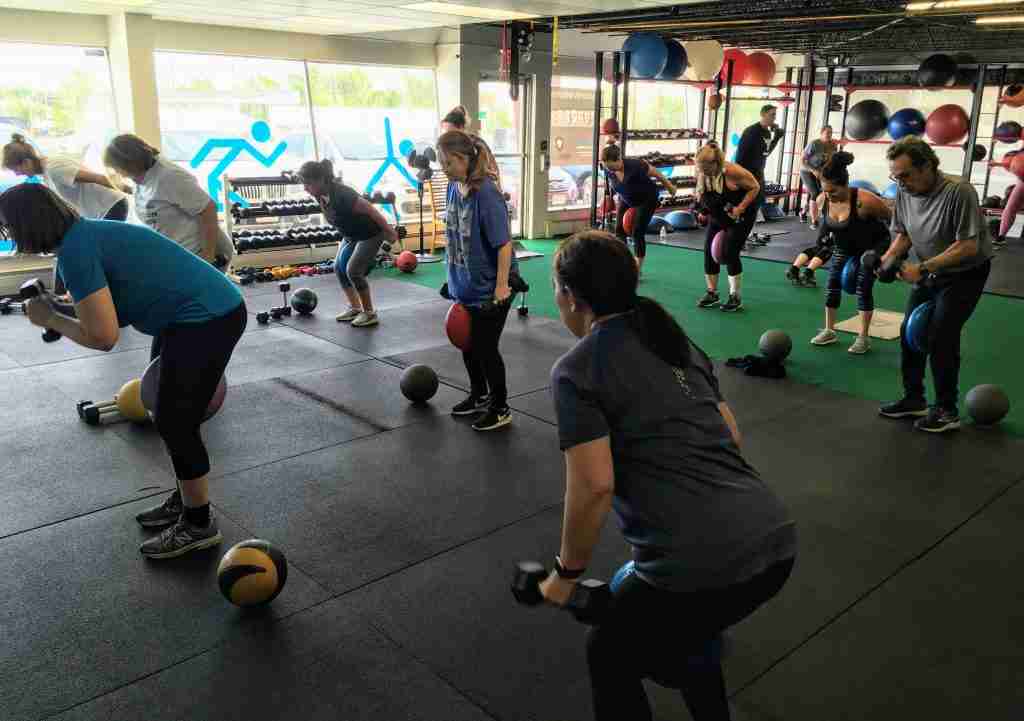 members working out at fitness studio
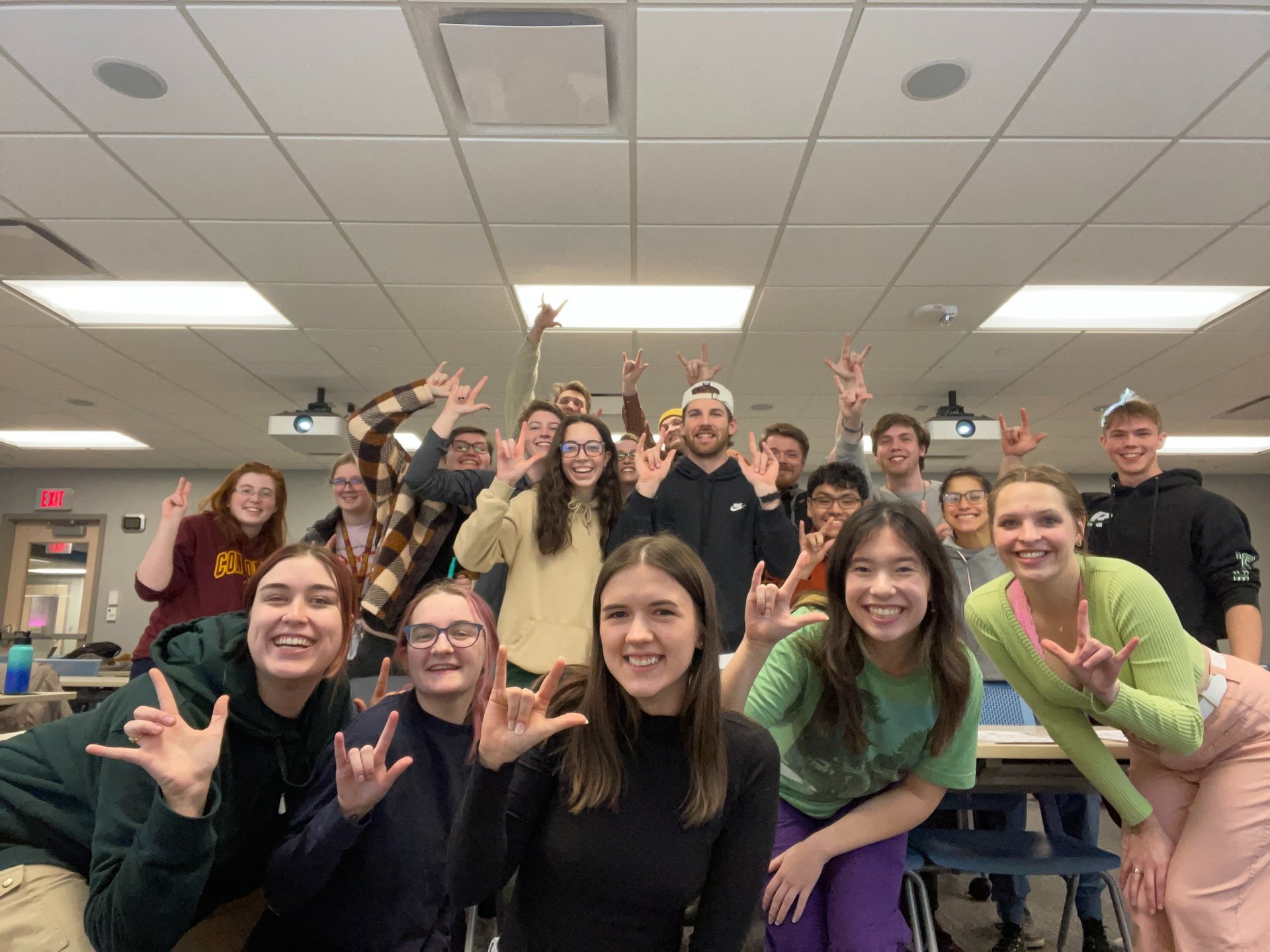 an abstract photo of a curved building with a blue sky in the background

========================================

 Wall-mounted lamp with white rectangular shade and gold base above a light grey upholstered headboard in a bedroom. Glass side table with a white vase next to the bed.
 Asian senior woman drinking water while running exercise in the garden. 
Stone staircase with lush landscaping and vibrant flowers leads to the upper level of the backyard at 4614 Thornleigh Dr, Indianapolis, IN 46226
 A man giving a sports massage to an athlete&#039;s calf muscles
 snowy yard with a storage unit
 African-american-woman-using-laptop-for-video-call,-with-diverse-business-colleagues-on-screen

========================================

In the material above, one part opens with the line containing "members working out at fitness studio" and closes with the line containing "an abstract photo". Write out that part exactly and skip its pictures.

 members working out at fitness studio
 an abstract photo of a curved building with a blue sky in the background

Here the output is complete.